The task:
In duplicating the lines below, keep every word unchanged and drop the pictures.

Information shown:
_ _ _ _

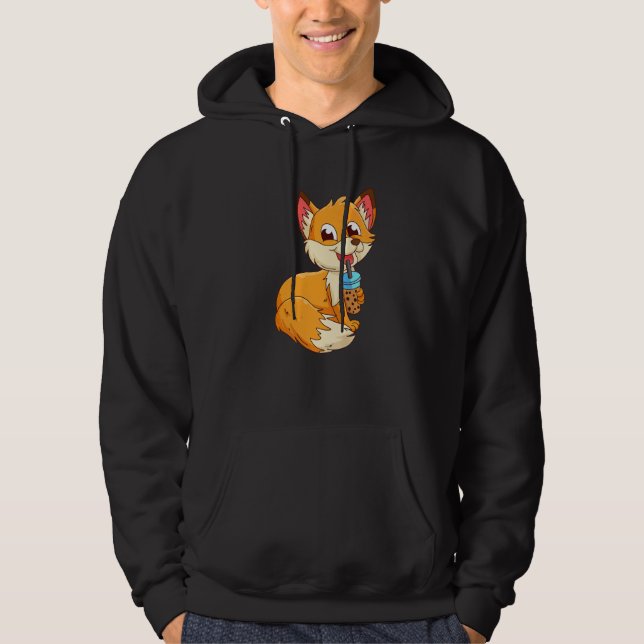 Fox with bubbel tea bubbeltea fox children  1 hoodie (Front)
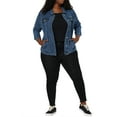 thumbnail image 2 of Agnes Orinda Women's Plus Size Outerwear Button Front Washed Denim Jean Jacket L Snow Blue, 2 of 8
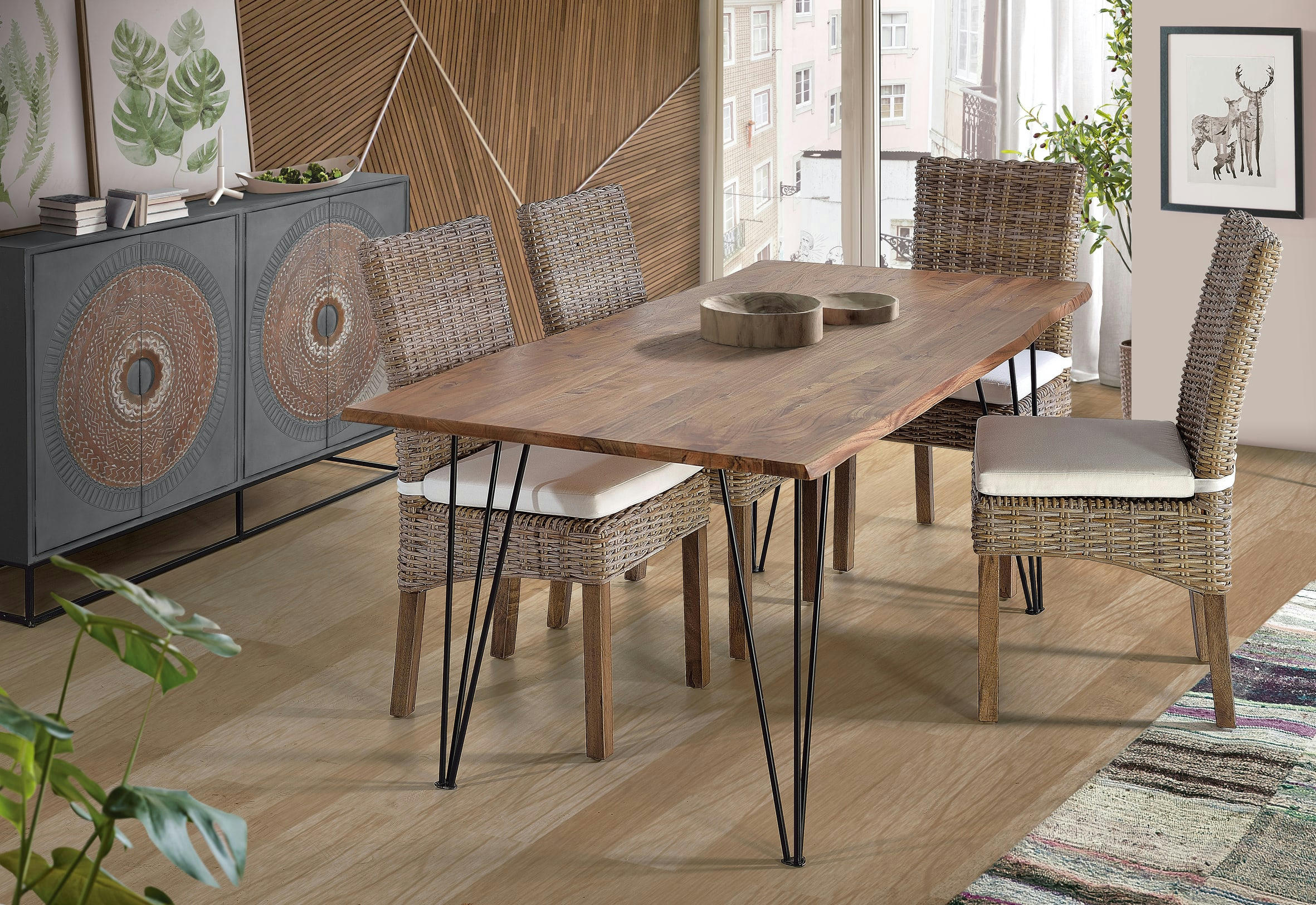 WOOD MANDALA - Buffet en bois de manguier et pieds en métal gris et marron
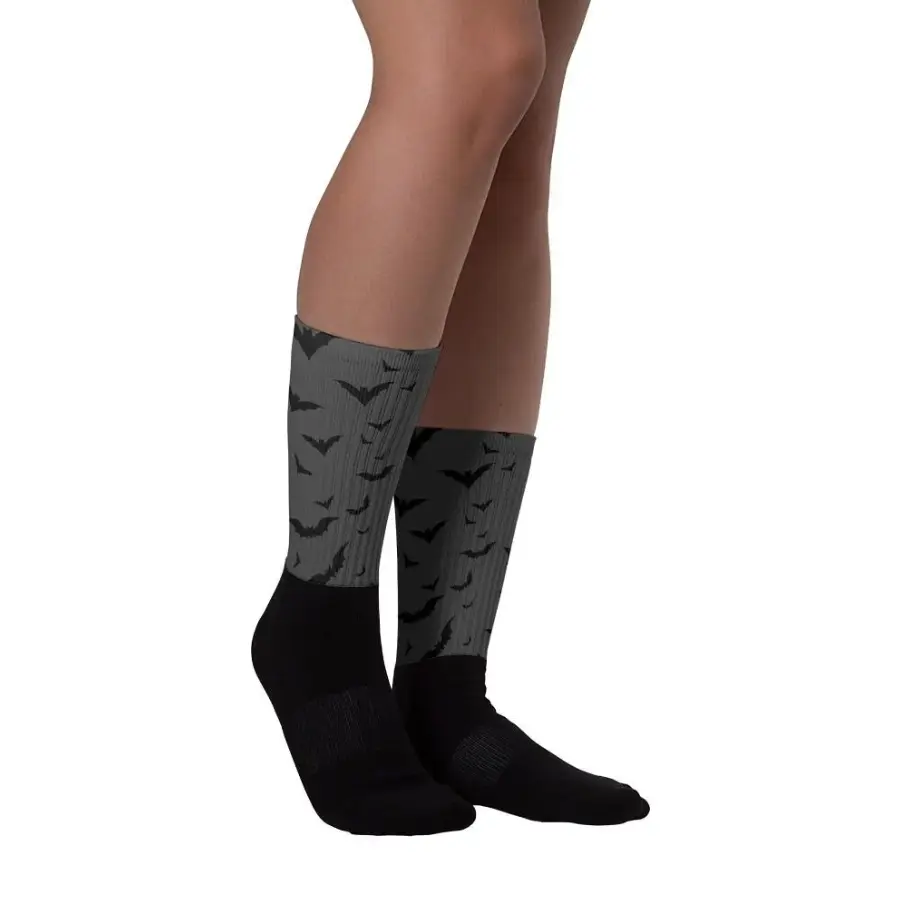 Halloween Bat Socks | Gothic Bat Mid-Calf Socks | Halloween Crew Socks | Spooky Bat | Creepy Cute | Vampire Bat | Casual Halloween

_ _ _ _

Result:
 Fox with bubbel tea bubbeltea fox children  1 hoodie (Front)
 thumbnail image 2 of Agnes Orinda Women's Plus Size Outerwear Button Front Washed Denim Jean Jacket L Snow Blue, 2 of 8
 WOOD MANDALA - Buffet en bois de manguier et pieds en métal gris et marron
 Halloween Bat Socks | Gothic Bat Mid-Calf Socks | Halloween Crew Socks | Spooky Bat | Creepy Cute | Vampire Bat | Casual Halloween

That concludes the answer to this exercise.